Landung scheitert
Nacht der geplatzten Träume: kein luxemburgischer Rover auf dem Mond
Es hätte ein doppelter Festakt werden sollen: Erst 20 Jahre Zusammenarbeit zwischen Luxemburg und der European Space Agency (ESA) feiern und dann die erfolgreiche Mondlandung der Ispace-Mission mit dem luxemburgischen Rover „Tenacious“ an Bord. Doch es kommt anders.

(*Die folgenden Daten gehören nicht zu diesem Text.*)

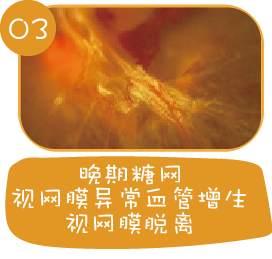202405270953028465.Png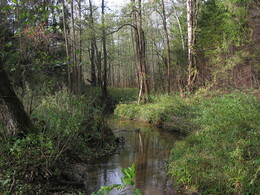 �����������, 11 ������� 2003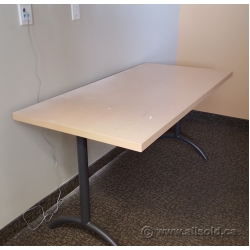 Birch and Grey 48 x 24 Training Table Straight Desk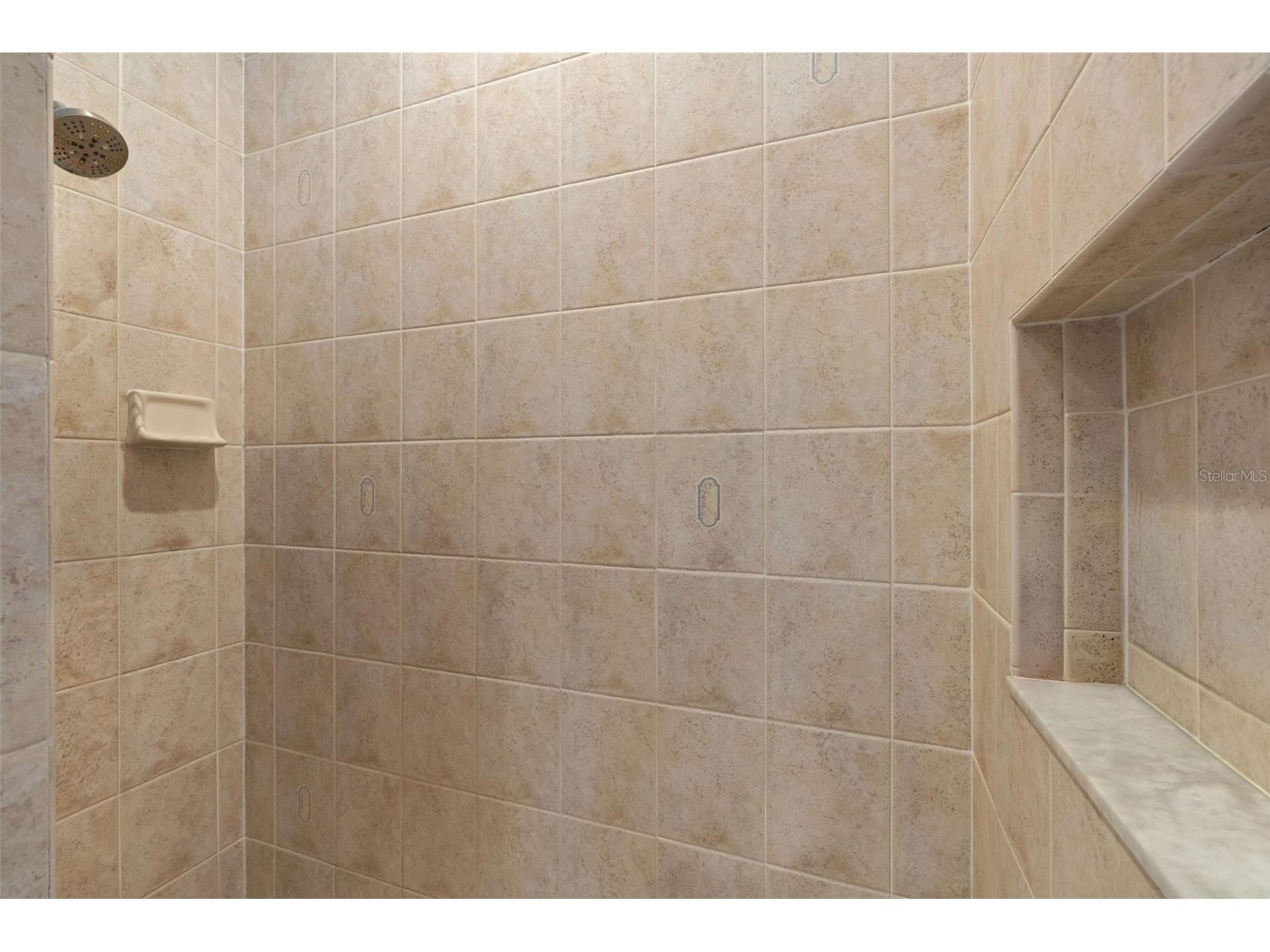 10327 Velvetseed Circle Spring Hill FL 34608 TB8507418 image12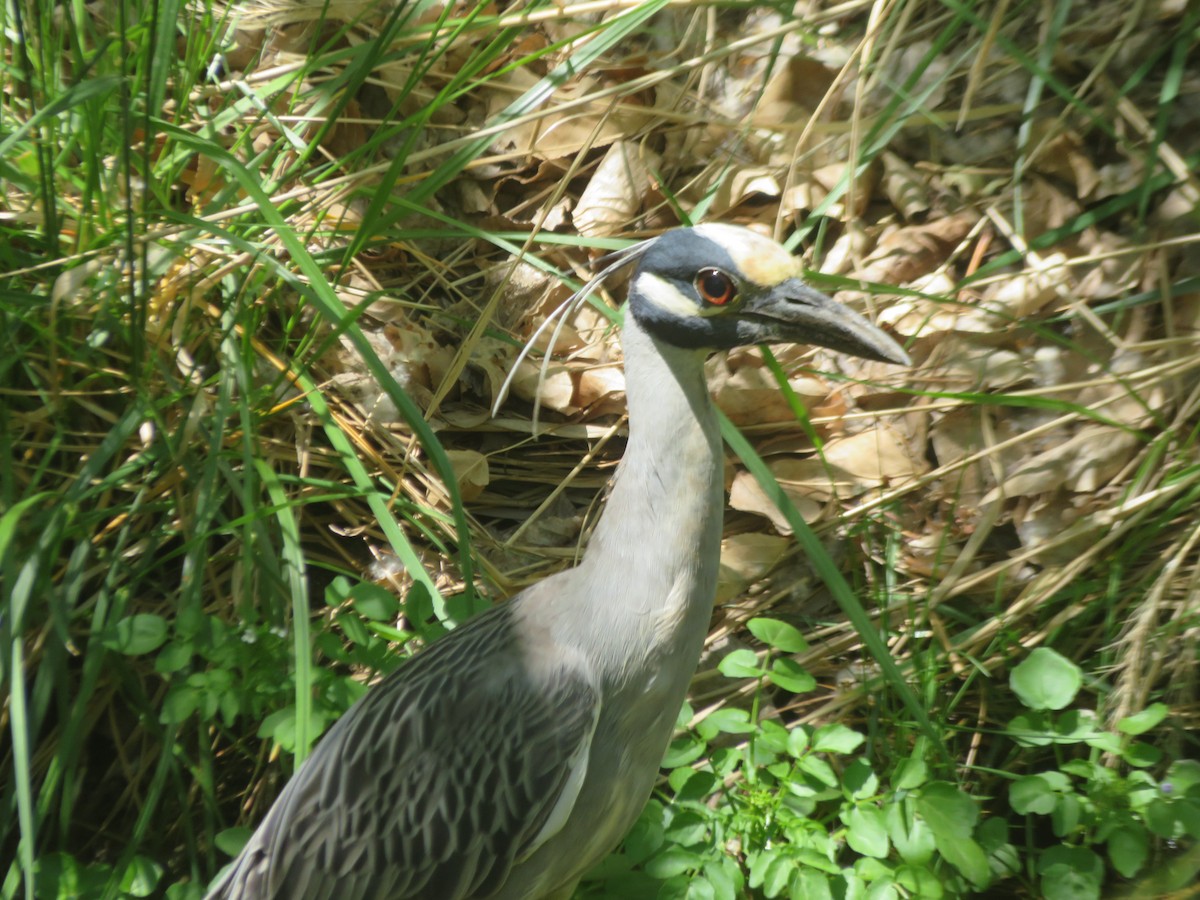 Yellow-crowned Night Heron - ML635630856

Spuren auf dem Mond: das Ispace-Testgelände für den Rover in einer Halle nahe des Luxemburger Bahnhofs Foto: Editpress/Hervé Montaigu
Um 21.16 Uhr mitteleuropäischer Zeit bricht plötzlich die Verbindung ab. Von einer Sekunde auf die nächste verschwinden die Zahlen, die gerade noch Geschwindigkeit und Höhe der Landesonde „Resilience“ angegeben haben. 300 km/h, TGV-Tempo, noch einige Hundert Meter. Dann plötzlich nichts mehr. Im vollbesetzten Kinosaal des Kinepolis auf Kirchberg herrscht Stille. Eine Minute, zwei Minuten. Die anvisierte Landezeit verstreicht. Immer noch gibt es keine Kommunikation mit der „Resilience“. Auf der Leinwand sind nun Bilder aus dem Kontrollzentrum in Tokio zu sehen, dort ist es kurz nach 3 Uhr in der Früh. Gespannte Minen wandeln sich in besorgte Gesichter. Ein Mann schlägt die Hände über dem Kopf zusammen. Die etwa 750 Gäste in den beiden Kinosälen im Kinepolis, darunter auch Wirtschaftsminister Lex Delles, werden langsam unruhig. Luxemburgs Mondtraum steht auf der Kippe. Dann meldet sich das Kontrollzentrum: Vorerst gibt es keine Verbindung und keine Informationen. Man werde in einigen Stunden die Öffentlichkeit informieren. Während man in Tokio in einen arbeitsreichen Tag startet, endet der Abend in Luxemburg mit Ernüchterung.